§ **Problem**: Return each entry below word for word, leaving out any image.

§ **Exercise materials**:
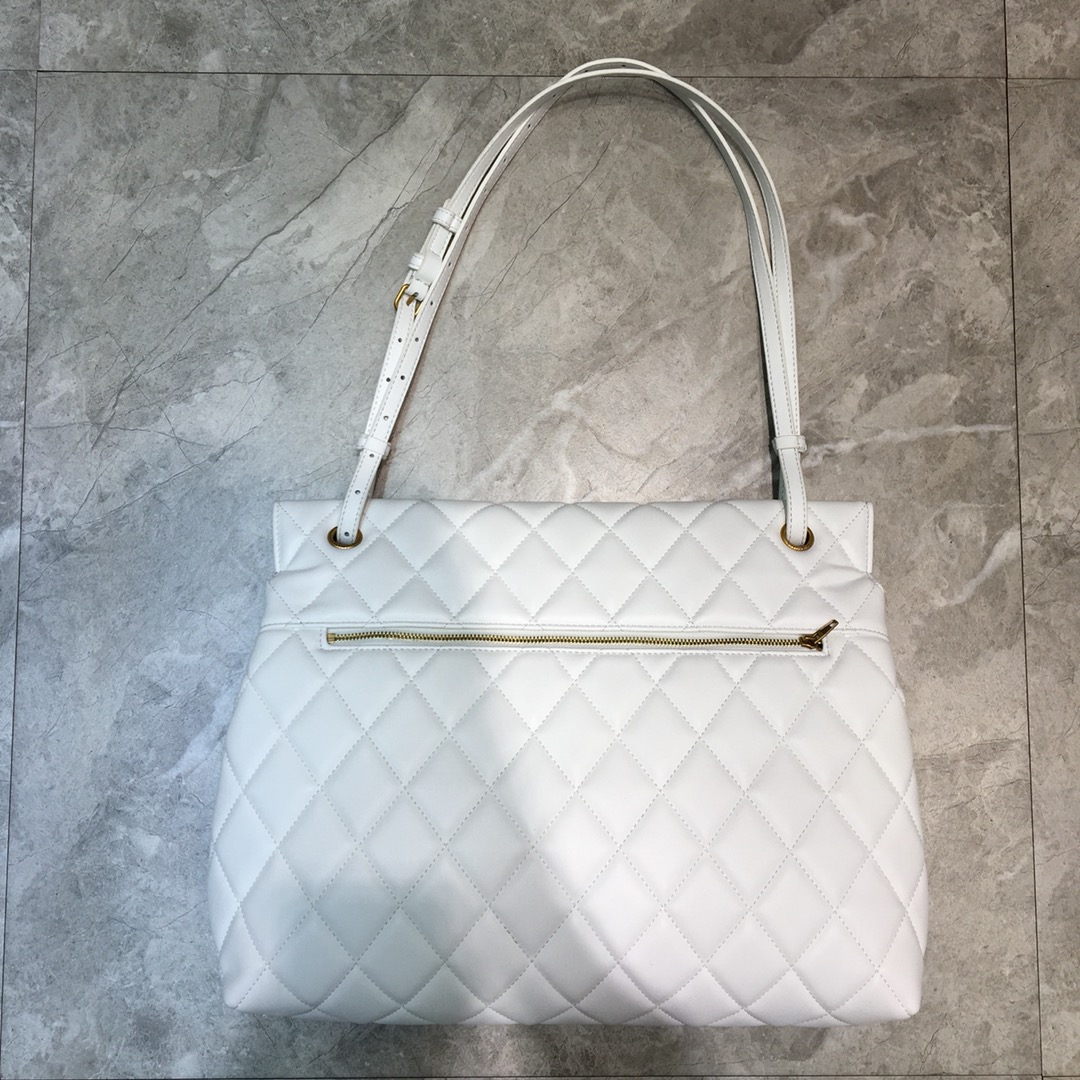 ba1en*iaga large buckle shoulder bag d1am0nd pattern leather G01den metal white 37 x 8 x 29 cm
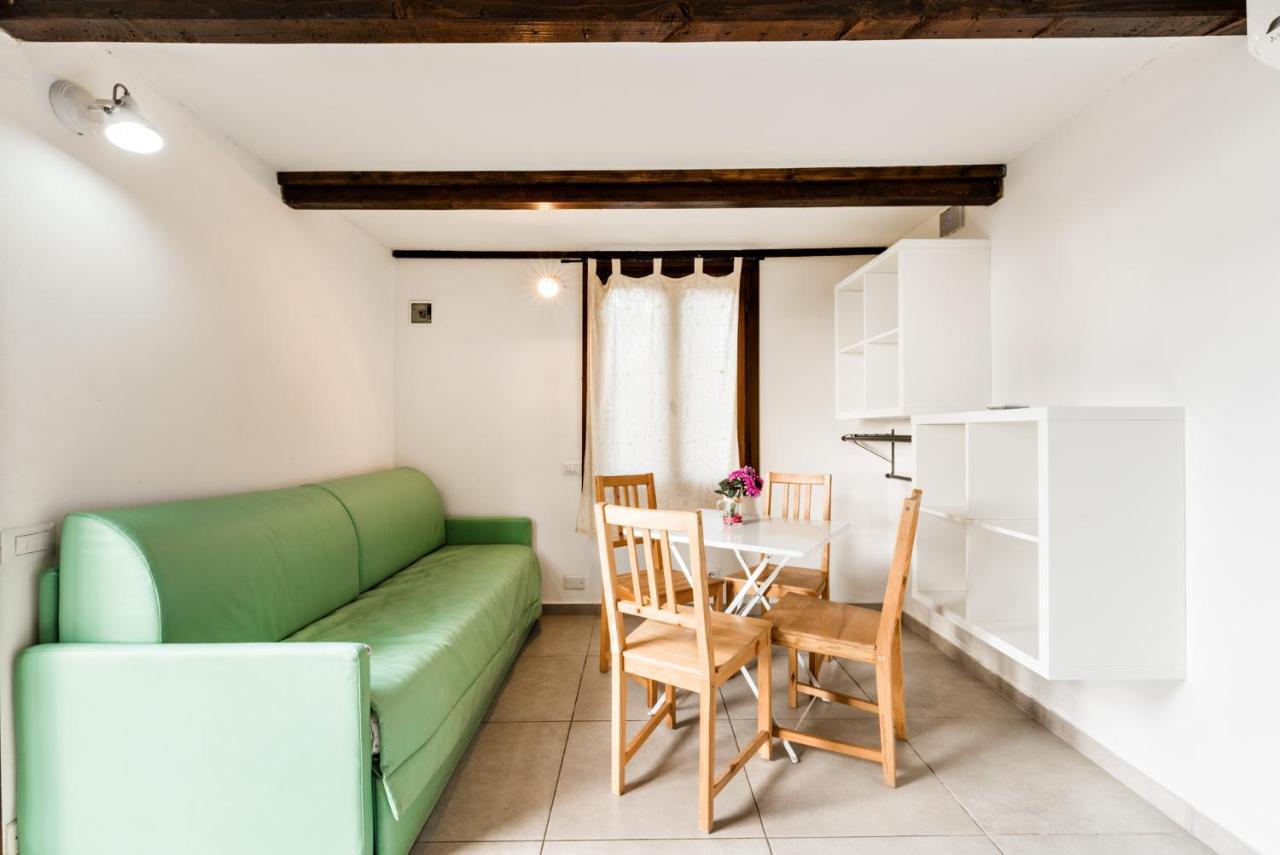 Ippotur Medieval Resort Castelnuovo Magra Luaran gambar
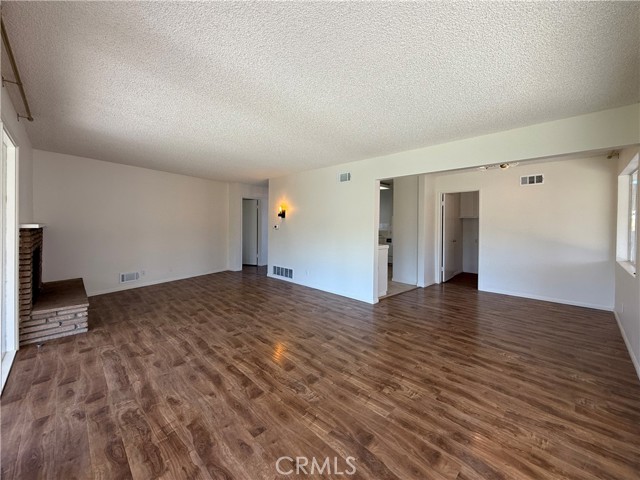 Detail Gallery Image 3 of 15 For 9822 Joyzelle Dr, Garden Grove,  CA 92841 - 3 Beds | 2 Baths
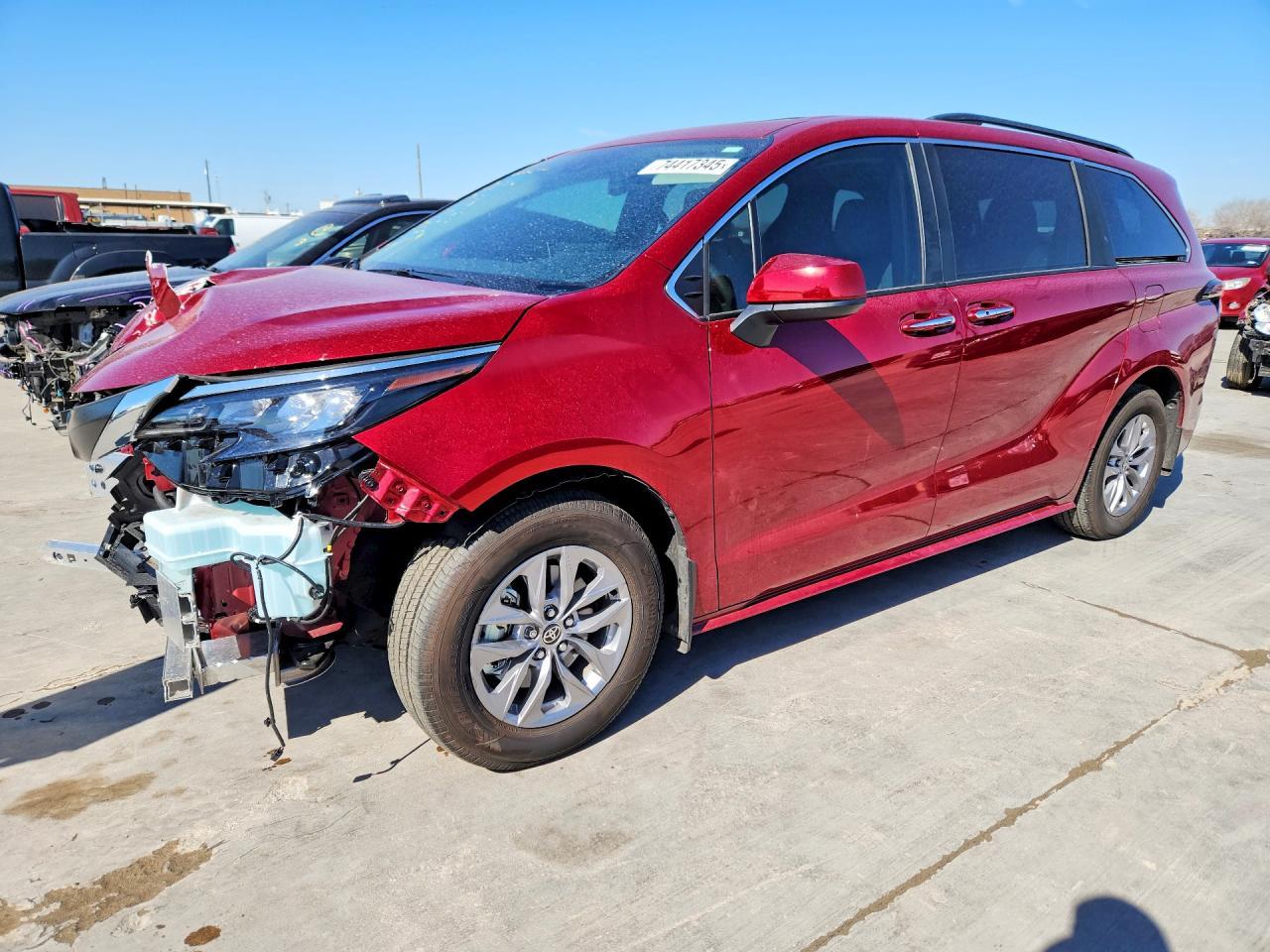 2025 TOYOTA SIENNA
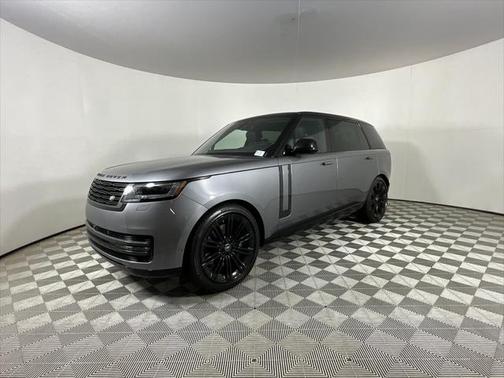 2025 Land Rover Range Rover P530 SE 7 Seat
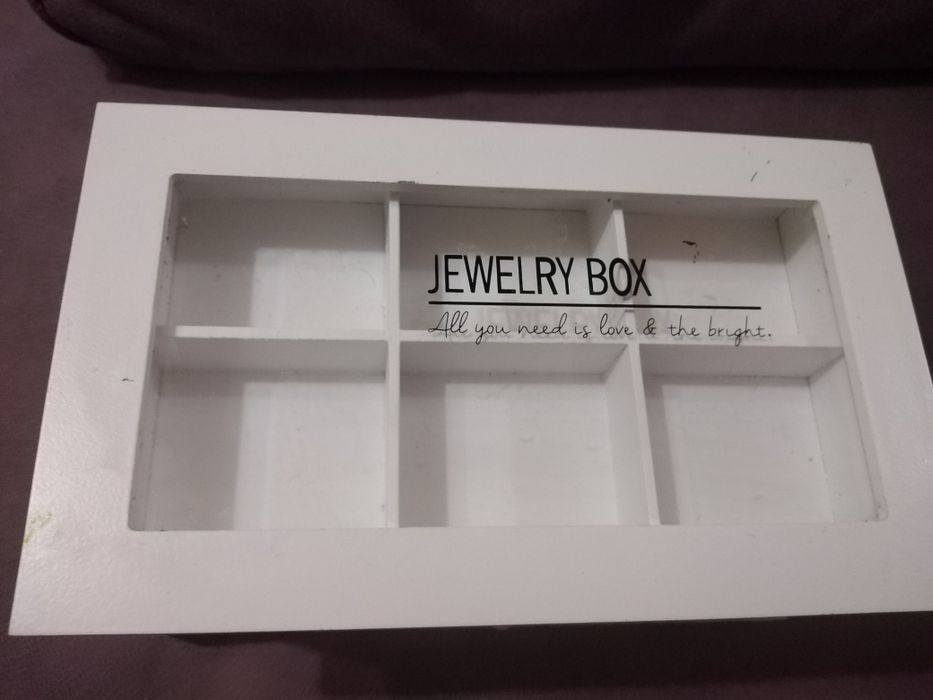 Кутия за бижута бяла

§ **Response to this task**:
 ba1en*iaga large buckle shoulder bag d1am0nd pattern leather G01den metal white 37 x 8 x 29 cm
 Ippotur Medieval Resort Castelnuovo Magra Luaran gambar
 Detail Gallery Image 3 of 15 For 9822 Joyzelle Dr, Garden Grove,  CA 92841 - 3 Beds | 2 Baths
 2025 TOYOTA SIENNA
 2025 Land Rover Range Rover P530 SE 7 Seat
 Кутия за бижута бяла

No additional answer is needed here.